Feed my Sheep

In 1877, Charles Spurgeon preached this sermon from John 21:15 to a pastors conference in London, and over a hundred years later he preached it to me.

It’s hard to believe the impact that Spurgeon has had on the history of the Christian church. His sermons, letters, and journals remain in print to this day. He is read and studied in seminaries. He is beloved by many, but in this passage that Spurgeon so eloquently exposits, he points to the real motivation behind it all; and that is the pastoral command to feed the sheep of God. But as we see in the passage there are other aspects that go into pastoral ministry.

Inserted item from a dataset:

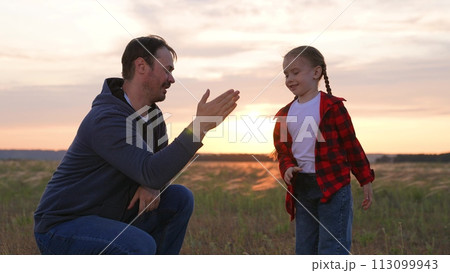 Daughter father special handshake greeting clapping hands gesture expressing strong close family relationship. Baby girl kid child man dad at sunset sunrise in field happy relatives hugging cuddling. 113099943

In this concluding passage of John, we find three: feed the sheep, follow Jesus, and don’t compare yourself to others.

A Distinct Call to Feed and Tend the Sheep

Jesus, three times to restore Peter to ministry, calls him to feed and tend the sheep. At the heart of this command is Jesus showing that He has not passed Peter by but has restored him. It is not the perfect and blameless that are being called to ministry, but the broken ones who love God and cherish making Him known. Only a few pages earlier in John’s text we see Peter deny that he even knew the Lord, but now the same Christ who he denied is calling him to lead and feed. This is an important feature of John’s gospel because it shows us that those who are called to teach and care for the flock of God are those who understand their own limitations and failures, and whom Christ restores not of their own merit but of His gracious gift. Peter did not earn God’s reconciliation. Jesus gave it freely, and the outflow of this reconciliation was the commission to feed and tend.

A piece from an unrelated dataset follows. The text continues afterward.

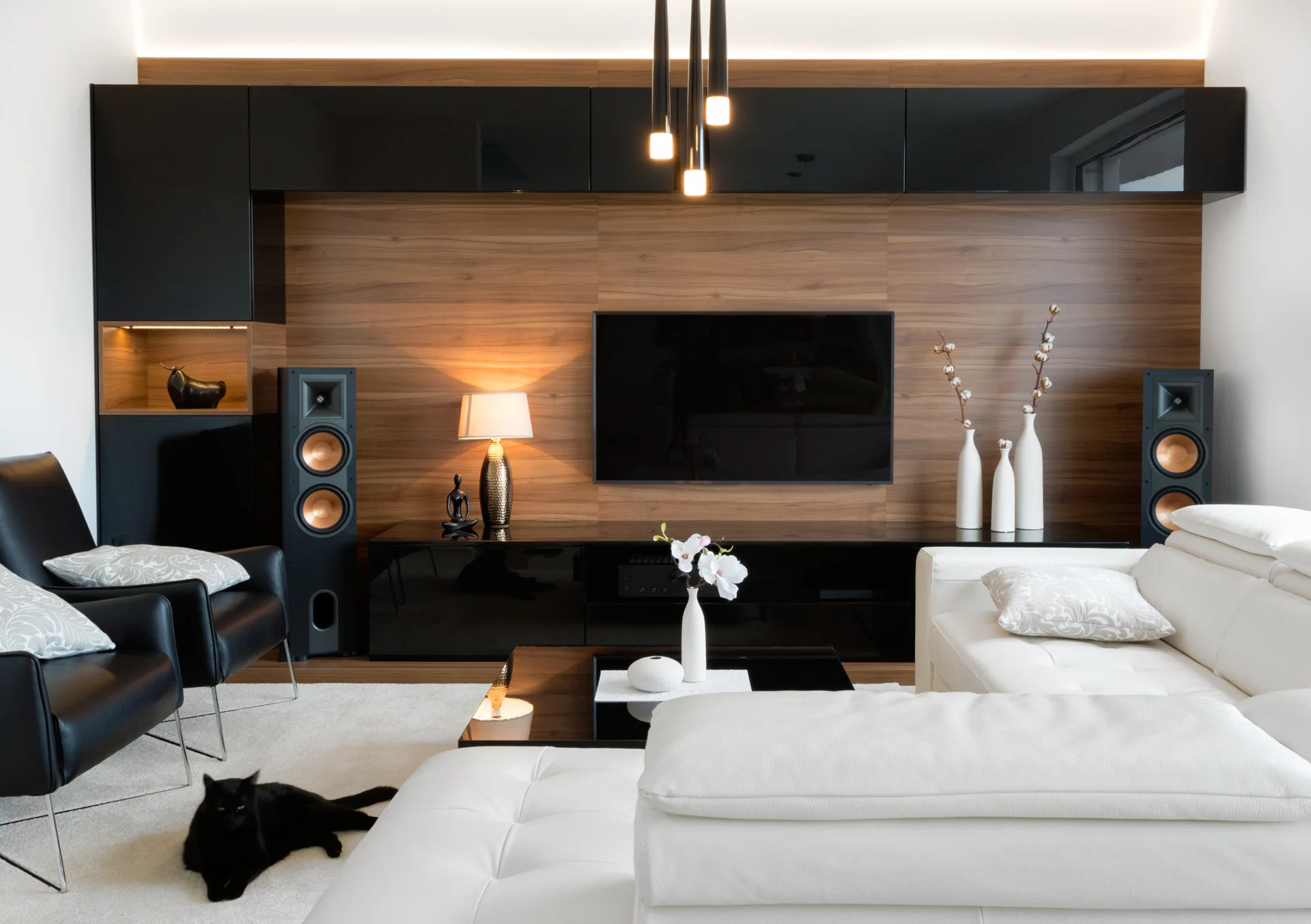 A modern living room features a wood-paneled accent wall, built-in black gloss cabinets, a white leather sectional sofa, and two black armchairs.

So for all who aspire to the role of elder and minister, this is the same commission given to you. Feed the sheep. The only thing we see worth feeding on is the truth of the word of God. It is the only thing, when coupled with the Spirit, that builds up a believer. We cannot be fed by anything less than the Gospel of Jesus Christ. His truth is what grows us and sustains us.  It is also the same Gospel that calls us to repentance and faithfulness. As we feed the sheep we also tend them. We point them to the Gospel and call for growth and reconciliation, calling each other to walk in holiness.

A Call to Follow

Now after Jesus finishes His command to feed and tend, He gives Peter another command: follow Me. Now this is a command Peter was very familiar with. It is the very one that began it all when Jesus called him out of the boat and into the life of a disciple. The command to ‘follow Me’ is the same command Paul will later give to the Corinthian Church, as he calls them to follow him as he follows Christ. The life of ministry is a life of following after Christ. A minister cannot love the sheep well if he is not in love with the true shepherd and learning from Him first and foremost.  We see this clearly in Jesus continual asking of Peter of His love for Him. He must love Him if he is going to follow after Him.

As the text tells us, Peters future would be one of hardship and death, but we also see that he endures the life set before him because of his love for Christ. It is the love of Christ that fuels the minister’s soul. It is the model that Jesus set before us that enables us to endure suffering and to preach the Word in spite of our culture and to seek forgiveness from those we have wronged while freely forgiving those who have wronged us. We are motivated by the love of Christ and model His love to others as we follow Him.

Don’t Compare

The final thing we see in Jesus’ discourse with Peter is a lesson we all must learn. The final words we have in John to Peter is to not concern himself with God’s will for another minister of the gospel, but to serve Him alone. Peter being Peter, sees John in the text and asks Jesus to explain what would happen to him also. In short Jesus says it’s not your concern, your job is to follow Me. Too often as ministers, it is easy to look at other ministry’s and churches and begin to compare what the Lord is doing, and somehow doubt that you are doing what God has called you to do, but as the text points out we are called to feed, tend, and follow.

Spurgeon may have been one of the greatest communicators and expositors of his day, but you know the vast majority of the world who came to know the Lord in the 1800’s probably never heard of the man. But they did hear about Jesus. They never heard a single sermon of his, but they heard the Word of God faithfully given to them by other faithful men, whose names we do not know. We today are the product of many faithful ministers of the gospel whose names are unknown to us, but not to God.

So in this world, most of us will go unnoticed by the world at large, but God sees us and knows us. We are not all destined to be mega church pastors, it is God who destines all things. We are but called to be faithful stewards of the Gospel. We are called to love and follow the Lord, teach the word, disciple the body, and judge ourselves on that alone.